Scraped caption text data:

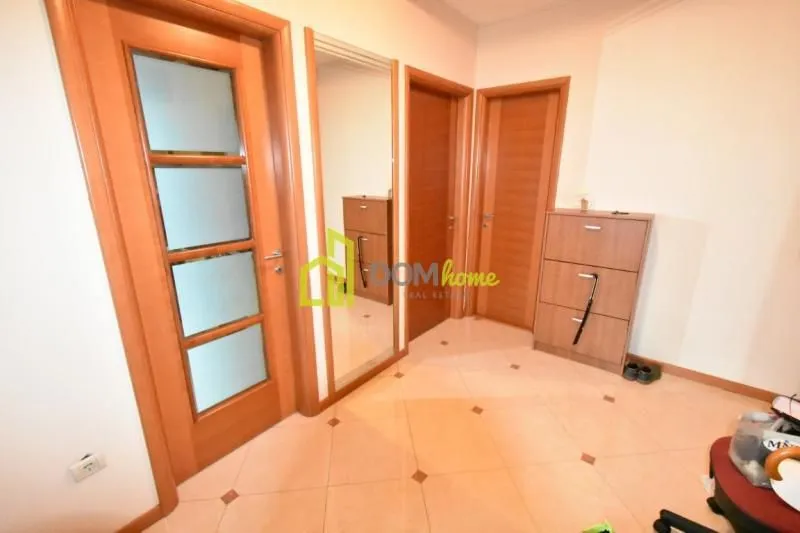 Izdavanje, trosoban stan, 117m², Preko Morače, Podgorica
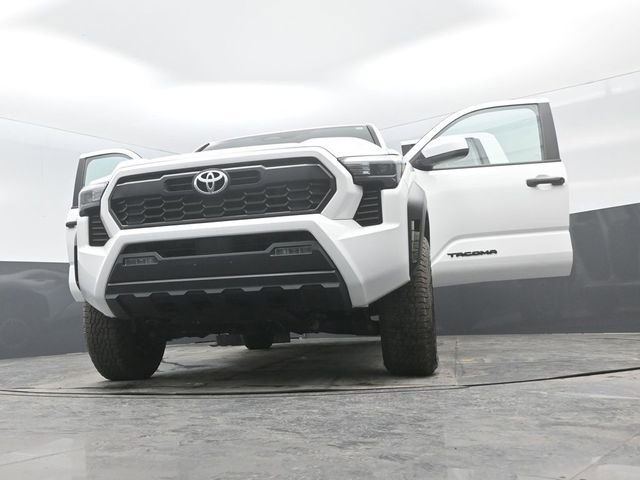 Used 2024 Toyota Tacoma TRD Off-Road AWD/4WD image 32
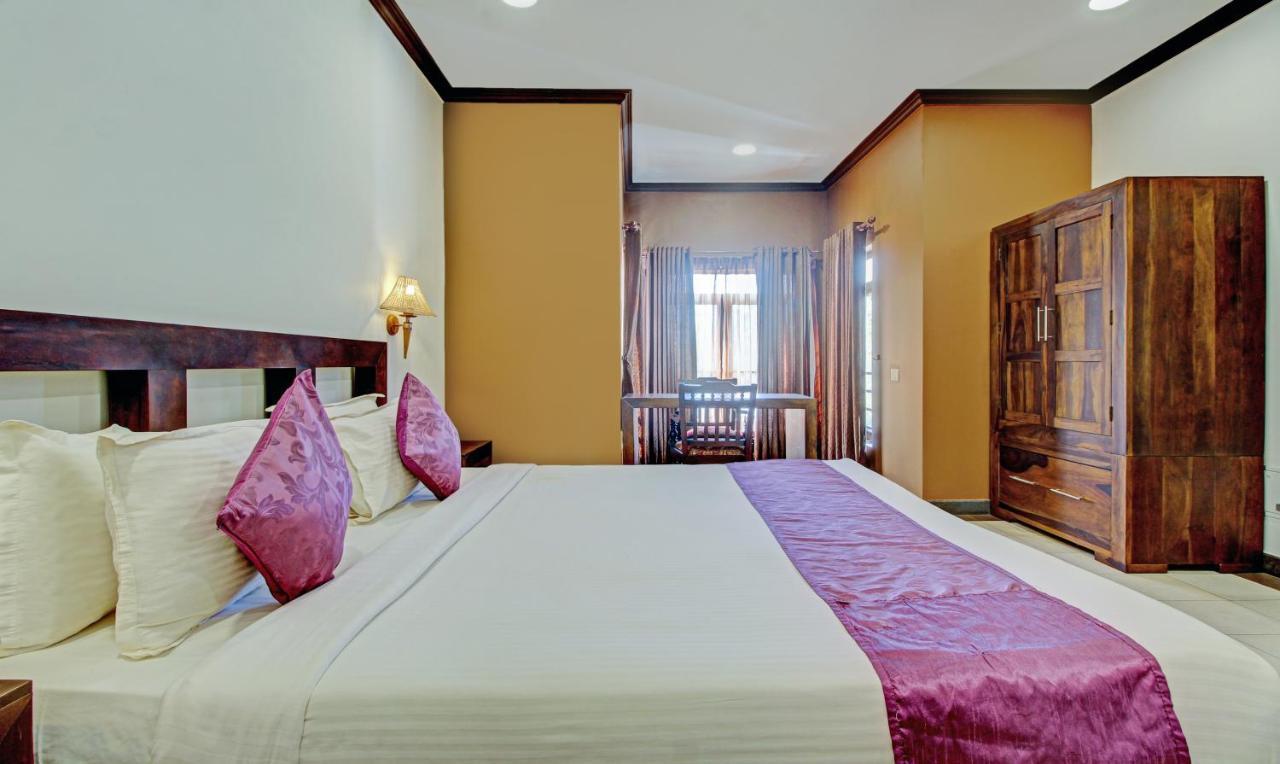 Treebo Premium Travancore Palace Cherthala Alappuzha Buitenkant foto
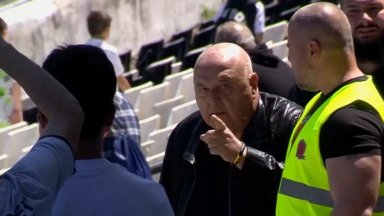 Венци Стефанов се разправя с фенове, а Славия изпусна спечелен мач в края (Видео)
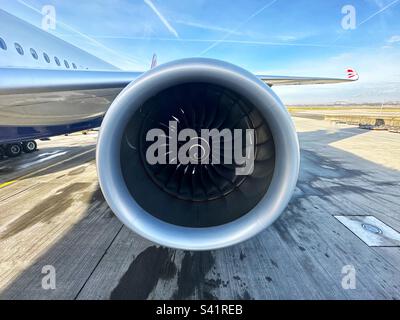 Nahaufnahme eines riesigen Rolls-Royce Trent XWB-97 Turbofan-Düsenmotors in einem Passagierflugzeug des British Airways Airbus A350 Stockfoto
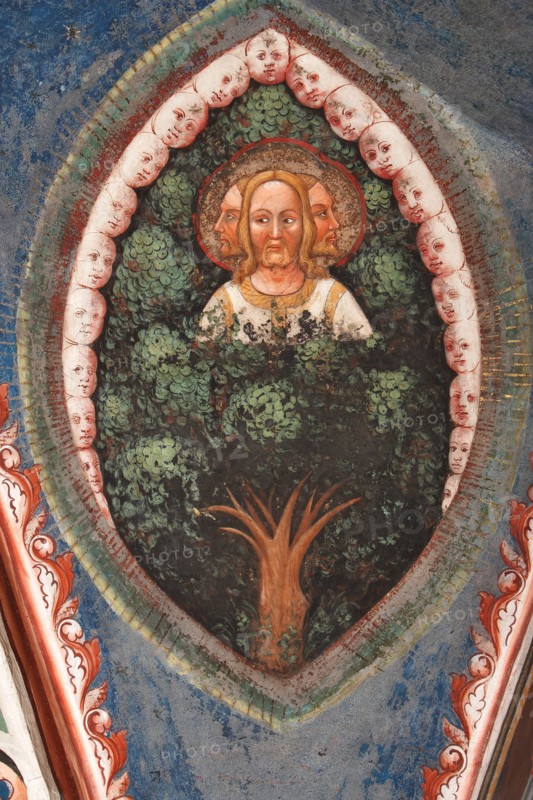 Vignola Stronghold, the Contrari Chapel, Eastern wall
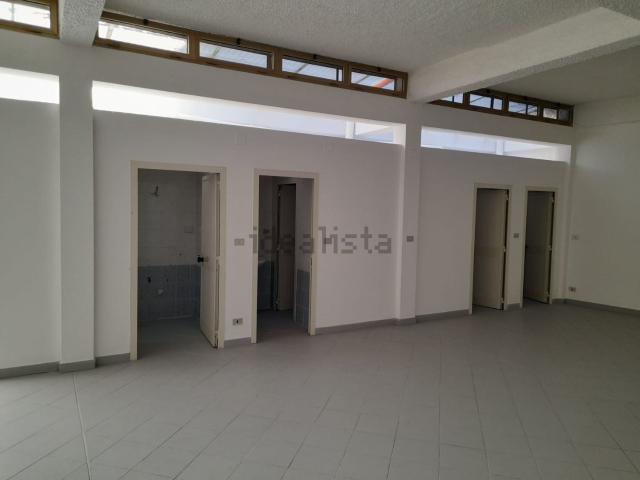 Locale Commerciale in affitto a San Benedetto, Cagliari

WORK TO COMPLETE: Each line above is to be duplicated exactly, and the pictures are to be omitted.

REPLY TO THE TASK:
 Izdavanje, trosoban stan, 117m², Preko Morače, Podgorica
 Used 2024 Toyota Tacoma TRD Off-Road AWD/4WD image 32
 Treebo Premium Travancore Palace Cherthala Alappuzha Buitenkant foto
 Венци Стефанов се разправя с фенове, а Славия изпусна спечелен мач в края (Видео)
 Nahaufnahme eines riesigen Rolls-Royce Trent XWB-97 Turbofan-Düsenmotors in einem Passagierflugzeug des British Airways Airbus A350 Stockfoto
 Vignola Stronghold, the Contrari Chapel, Eastern wall
 Locale Commerciale in affitto a San Benedetto, Cagliari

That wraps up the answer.